Now in its third iteration, the Tech/Law Colloquium – or INFO 4113/6113/LAW 7113 – is a joint collaboration between Cornell University’s Department of Information Science within the Ann S. Bowers College of Computing and Information Science and the Cornell Law School. It was launched in 2017 with the goal of educating students on the ways technology and innovation can, and have, run afoul on civil rights – intentionally or unintentionally – while addressing relevant questions on matters of ethics and law.
Following each talk, the roughly 60 students enrolled in the colloquium course will participate in an in-depth workshop with the colloquium speaker. This dialogue with the presenter, Levy said, offers students a unique perspective into the research-development process.
“I want students to understand how fundamentally difficult these problems are. There’s often not an obvious “good guy” or “bad guy,” and no easy fixes—and we do students a disservice if we frame things that way. There are difficult tradeoffs,” Levy said. “I want students to come away with the understanding of how complex these problems are, and how much they affect our everyday lives.”

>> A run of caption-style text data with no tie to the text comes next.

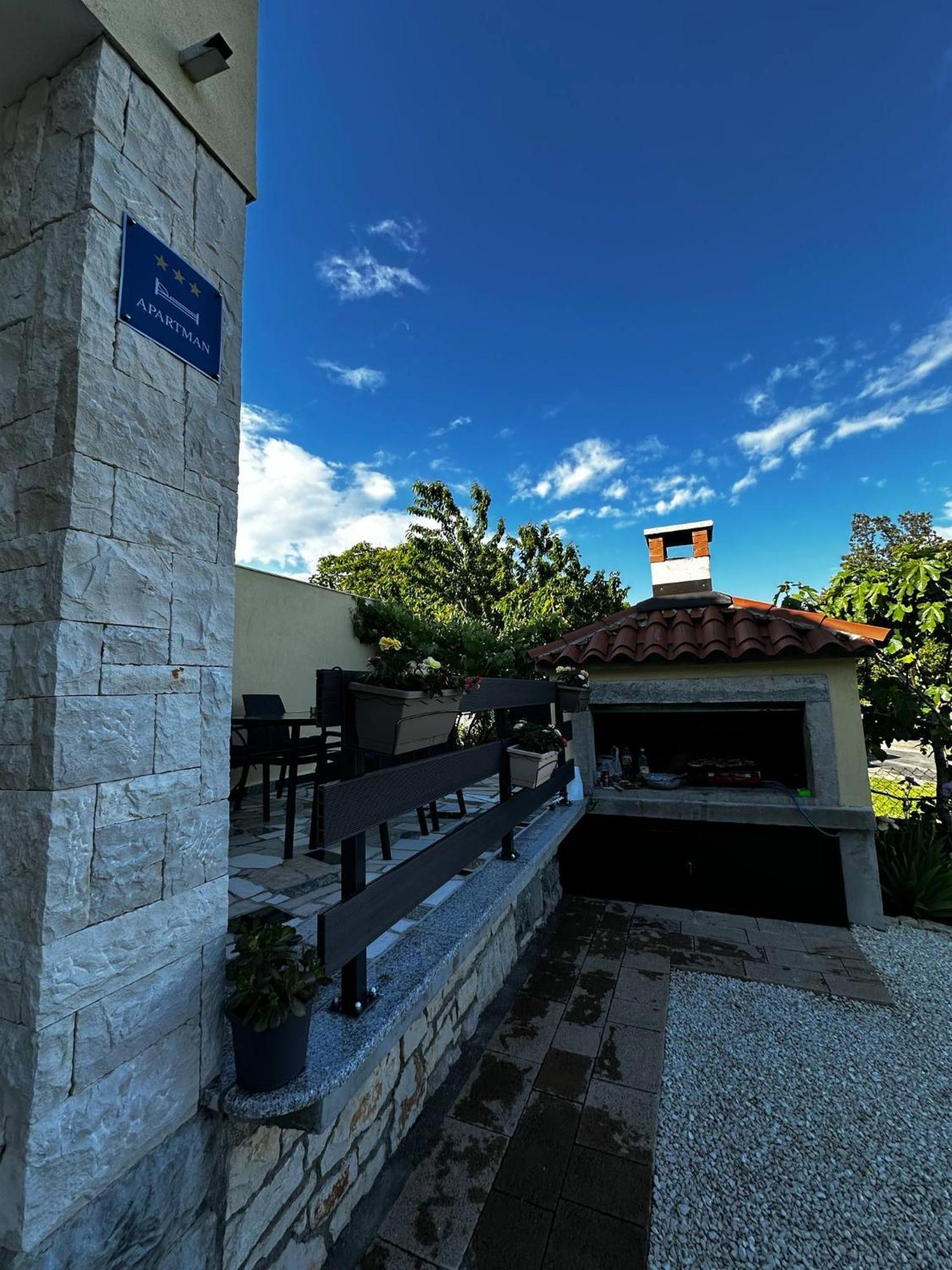 Lulic Apartment Labin  Exterior foto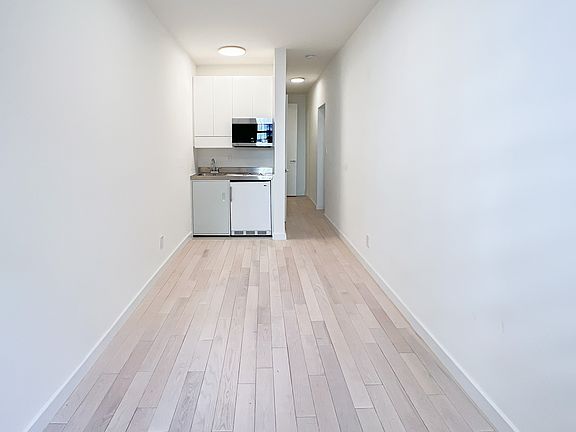 3rd image of 206 W 21st St APT 11
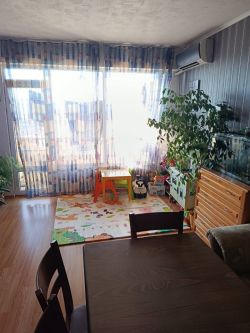 Агенция за недвижими имоти "ОЛИМПИЯ" продава :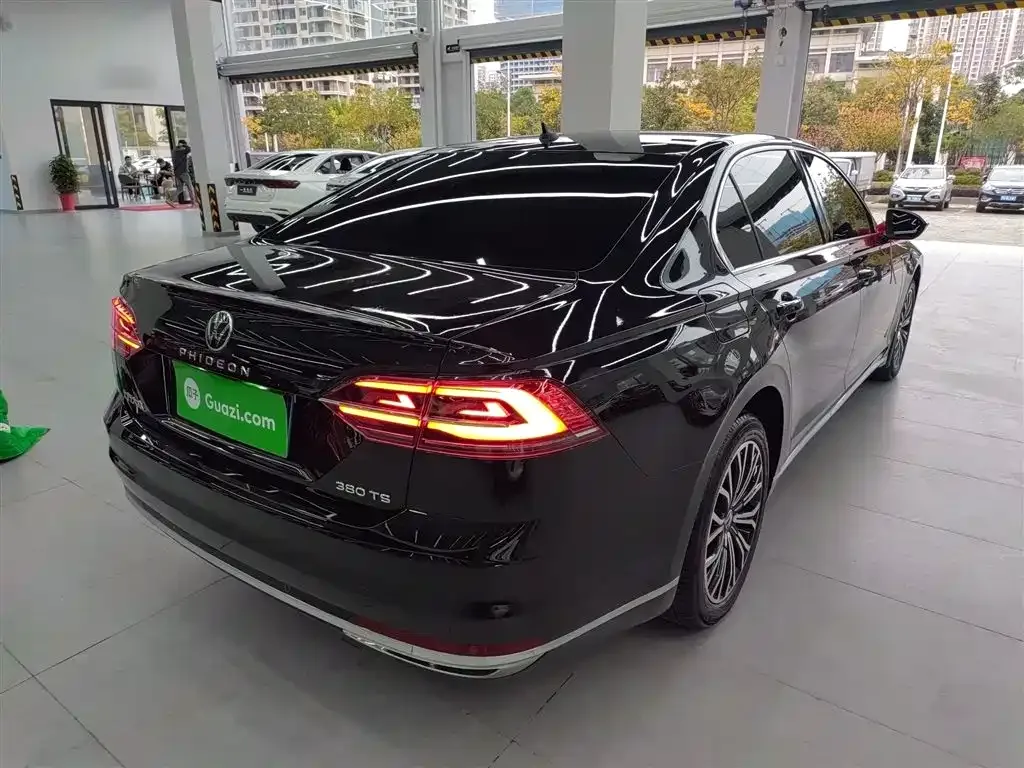 Volkswagen Phideon 2023 из CN, фото 7
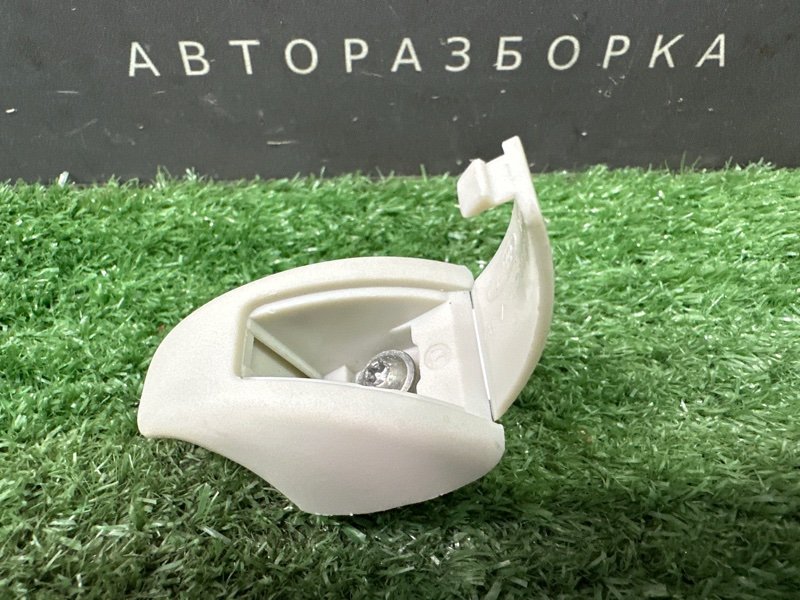 Крючок для верхней одежды Ford focus 3 2012 CB8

The Tech/Law Colloquium is supported by the Department of Information Science, the Cornell Law School, and the MacArthur Foundation.
The Fall 2021 schedule:
September 3: “Is Facebook’s Oversight Board Working?" Kate Klonick, St. John's University School of Law
September 10: “Westlaw, Lexis, and Elsevier Are Also Data Brokers. What Does That Mean for Professional Responsibility and Ethics?" Sarah Lamdan, CUNY School of Law
September 17: "AI-Mediated Communication, Legislative Responsiveness, and Trust in Democratic Institutions," Sarah Kreps, Cornell University
September 24: “Intimate Privacy: A Civil Right," Danielle Citron, University of Virginia School of Law (note: talk begins at 2:00 pm)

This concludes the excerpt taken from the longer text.